Voilà une leçon de minimalisme donnée par Annie Girardot à deux jeunes comédiennes en herbe. Certes, elles sont excellentes dans le jeu, dans l’intelligence du texte, dans l’expressivité du visage; on y distingue bien dans le registre de leur ton désinvolte et primesautier que l’annonce d’être trompée par son mari de l’une et la réception par l’autre ne se cristallisent pas en drame mais alimentent une excitation que procurent les petits plaisirs de la vie, gros chagrin compris.

Les voilà distraites, enjouées, bavardes, portées par des identifications réciproques et légères, vivantes… et superficielles diraient les esprits chagrins !

Entre apprendre que son mari la trompe et vouloir apprendre à danser il n’y a qu’un pas pour le désir qui tel un furet court… L’événement de la tromperie est un non événement ; à peine un infléchissement de satisfaction que procure l’annonce et dont témoignent leurs corps pétulants.

C’est dans ce registre programmé, d’une équivalence – scandaleuse – des choses de la vie que vient faire relief la Leçon d’Annie Girardot.

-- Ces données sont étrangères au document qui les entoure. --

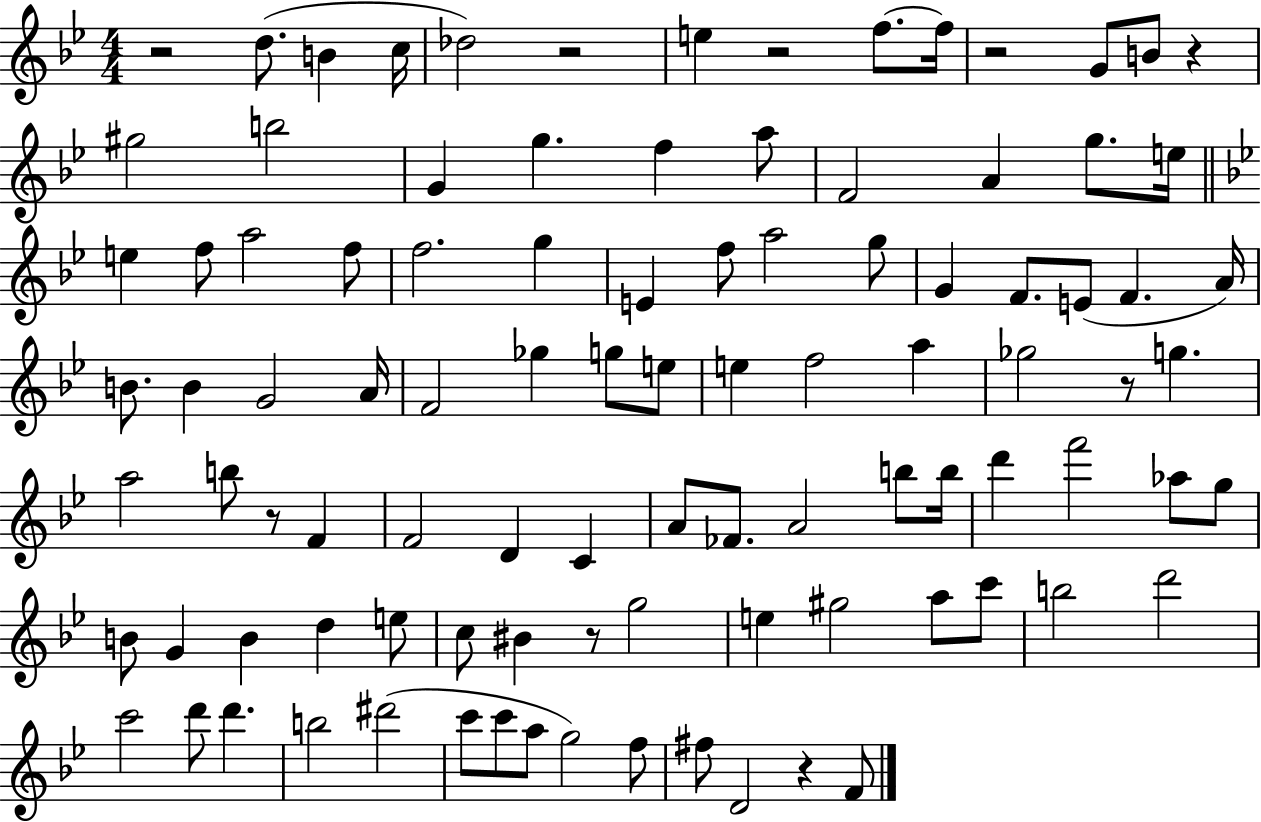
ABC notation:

Par touches discrètes, elle les invite à débarrasser leur énonciation des scories encombrantes que constituent le trac, l’élocution précipitée et le corset d’un savoir de texte.

Donner le mot qu’on peut et être étonné par ce qui n’a pas été calculé, voilà ce qui peut libérer le jeu du moi et produire un acte ; celui de l’acteur qui dans cet instant irradie, nous dit-elle.

Mais soudain une autre leçon pointe derrière celle-ci, insue, lorsque qu’Annie Girardot dit son « il me trompe » exemplaire suivi de sa voix intérieure : combien, fataliste, il est gros des chagrins liminaires de l’expérience du professeur.